Read: Milan-Sanremo & Matt Goss, romance on the Italian Riviera

No doubt the success of the Venge proved to be the catalyst for other marriages.  Team Sky’s association with Jaguar evolved into something far more productive than a car sharing scheme, with Pinarello working closely with the British company to develop the Dogma F8. And when Pinarello sought to tame the cobbles of Flanders and Roubaix, it was Jaguar’s suspension engineers who provided invaluable input into the development of the Dogma K8-S. In turn, the aerodynamicists at Jaguar’s Warwickshire HQ helped tweak the design of the Bollide HR ridden by Sir Bradly Wiggins in his successful pursuit of the Hour Record.

The input from motoring industry is often imperceptible when it comes to bike design, confined to carbon fibre lay-up or wind tunnel data analysis, but there is one collaboration that resulted in an altogether different beast.

Read: Fausto Pinarello – buon gusto and beautiful bikes

In July 1992, Chris Boardman cycled into the public consciousness when he eased past Jens Lehmann to take gold in the Individual Pursuit at the Barcelona Olympics, but for many of 60 million viewers, his performance was eclipsed by what he was riding. The Lotus Type 108 was, to all intents and purposes, a concept bike, a radical design conceived by the ingenious mind of Mike Burrows, but fine-tuned by the engineers at Lotus.

 

In his autobiography, Triumphs and Turbulence, Boardman recounts his first meeting with Lotus aerodynamics boffin, Richard Hill. Comfort, Boardman quickly discovered, was not on Hill’s agenda. “His sole focus was reducing drag, bending me into shape to make the air flow as smoothly over me as possible. He neither knew nor really cared about what might be comfortably or biomechanically efficient.”

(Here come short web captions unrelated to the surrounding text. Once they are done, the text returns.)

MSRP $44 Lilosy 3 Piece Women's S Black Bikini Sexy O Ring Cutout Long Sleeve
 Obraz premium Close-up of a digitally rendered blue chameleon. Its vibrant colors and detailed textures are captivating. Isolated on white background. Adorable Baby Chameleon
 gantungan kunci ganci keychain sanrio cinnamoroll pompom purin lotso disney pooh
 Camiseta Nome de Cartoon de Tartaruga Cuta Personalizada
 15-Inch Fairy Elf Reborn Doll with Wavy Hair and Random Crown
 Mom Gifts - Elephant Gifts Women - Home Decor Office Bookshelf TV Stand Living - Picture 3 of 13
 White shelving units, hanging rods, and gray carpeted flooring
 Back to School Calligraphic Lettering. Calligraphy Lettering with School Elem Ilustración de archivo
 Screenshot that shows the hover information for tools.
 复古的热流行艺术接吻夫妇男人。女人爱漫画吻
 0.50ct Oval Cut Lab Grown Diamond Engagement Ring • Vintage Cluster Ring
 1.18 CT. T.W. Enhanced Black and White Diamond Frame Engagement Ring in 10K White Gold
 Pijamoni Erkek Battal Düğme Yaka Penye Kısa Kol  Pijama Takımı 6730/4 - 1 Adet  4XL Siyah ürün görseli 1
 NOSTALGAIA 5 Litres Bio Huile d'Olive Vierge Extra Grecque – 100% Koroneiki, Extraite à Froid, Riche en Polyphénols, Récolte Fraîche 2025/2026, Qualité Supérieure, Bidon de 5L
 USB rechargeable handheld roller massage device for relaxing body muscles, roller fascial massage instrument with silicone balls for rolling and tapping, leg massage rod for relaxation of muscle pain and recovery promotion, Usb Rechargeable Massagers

The gains were significant and Boardman came to appreciate that a fresh, original approach could accelerate technical innovation, even though Hill had no experience of cycling or bike design. The level of wind-tunnel testing and data analysis Lotus provided was unprecedented and like Colnago’s collaboration with Ferrari, helped to revolutionise the sport, sowing the seeds for where we are now, with bike brands regularly turning to the high performance car industry and Formula One in their unceasing search for perfection.